What is required: Reproduce from the records below, with no pictures, exactly the lines between the one containing "Foto del edificio - 8063 S New Abbey Dr" and the one containing "2026 ROCKWOOD MINI", inclusive.

Extracted entries:
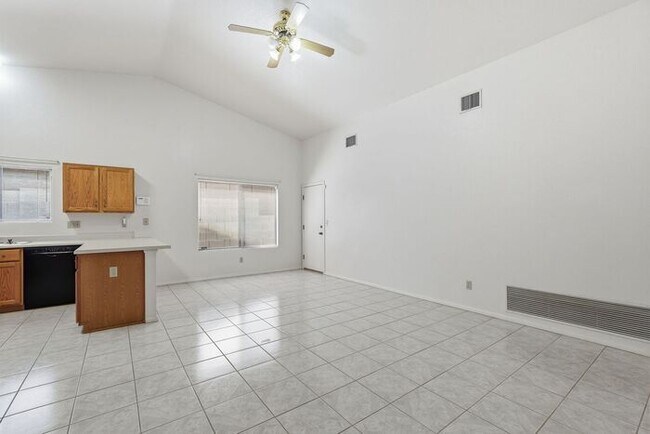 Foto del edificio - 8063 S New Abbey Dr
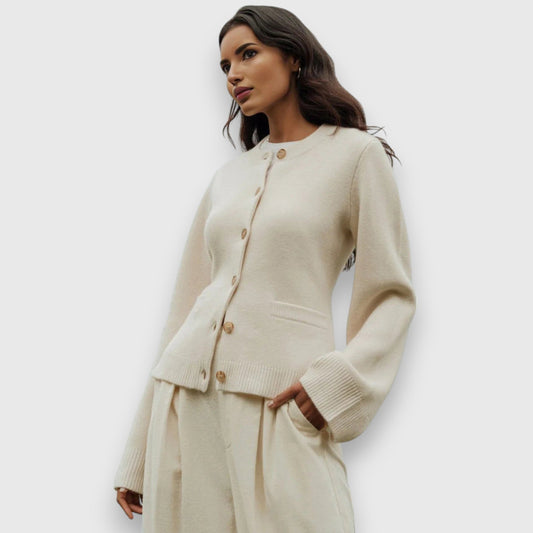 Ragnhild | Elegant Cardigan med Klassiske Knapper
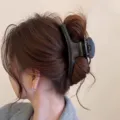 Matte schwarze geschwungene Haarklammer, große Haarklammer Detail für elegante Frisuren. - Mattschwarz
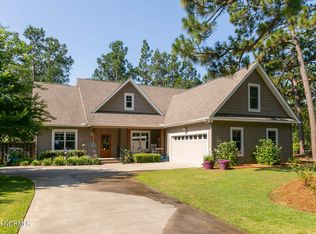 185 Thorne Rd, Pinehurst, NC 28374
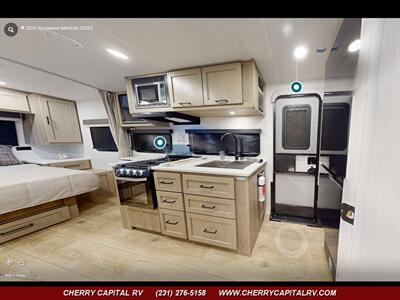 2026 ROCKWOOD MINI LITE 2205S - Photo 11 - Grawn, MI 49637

---

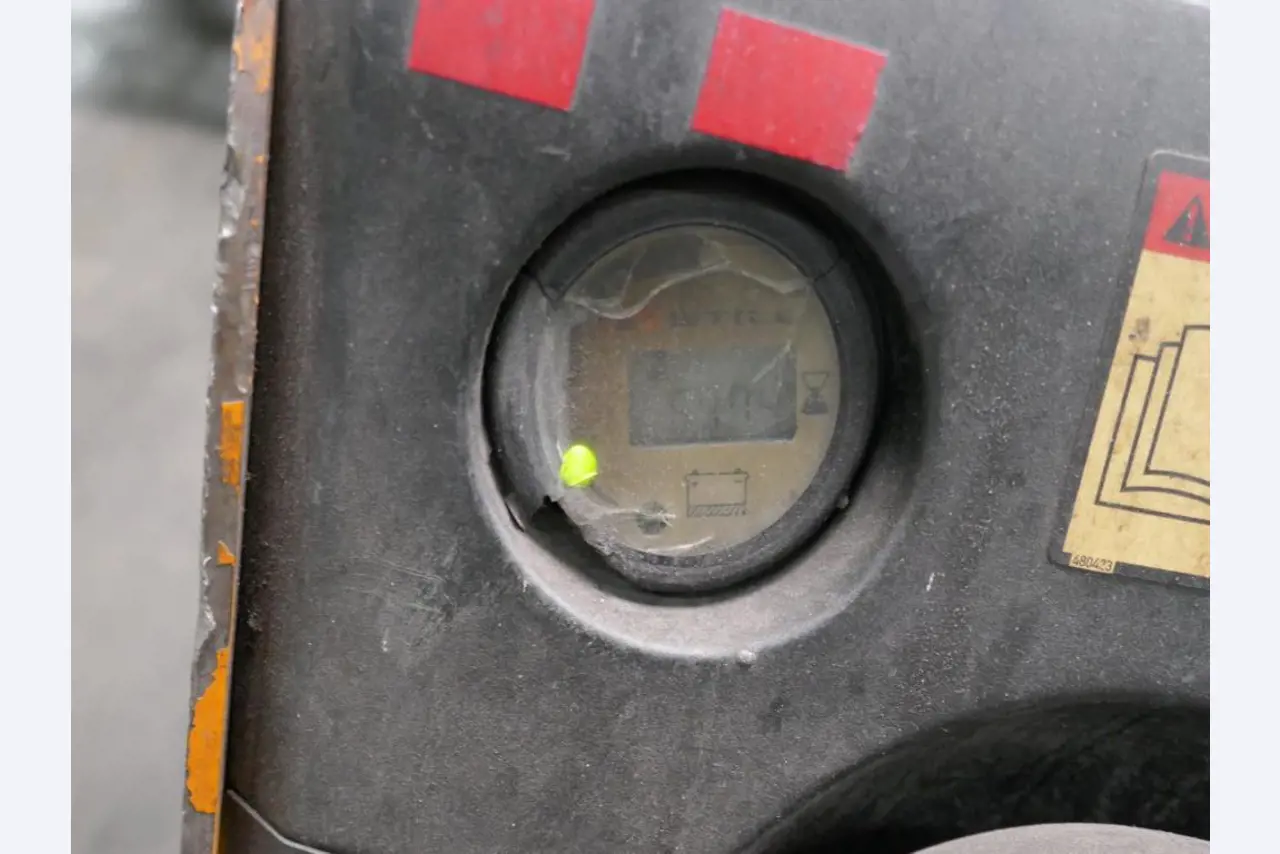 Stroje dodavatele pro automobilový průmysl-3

Result below:
 Foto del edificio - 8063 S New Abbey Dr
 Ragnhild | Elegant Cardigan med Klassiske Knapper
 Matte schwarze geschwungene Haarklammer, große Haarklammer Detail für elegante Frisuren. - Mattschwarz
 185 Thorne Rd, Pinehurst, NC 28374
 2026 ROCKWOOD MINI LITE 2205S - Photo 11 - Grawn, MI 49637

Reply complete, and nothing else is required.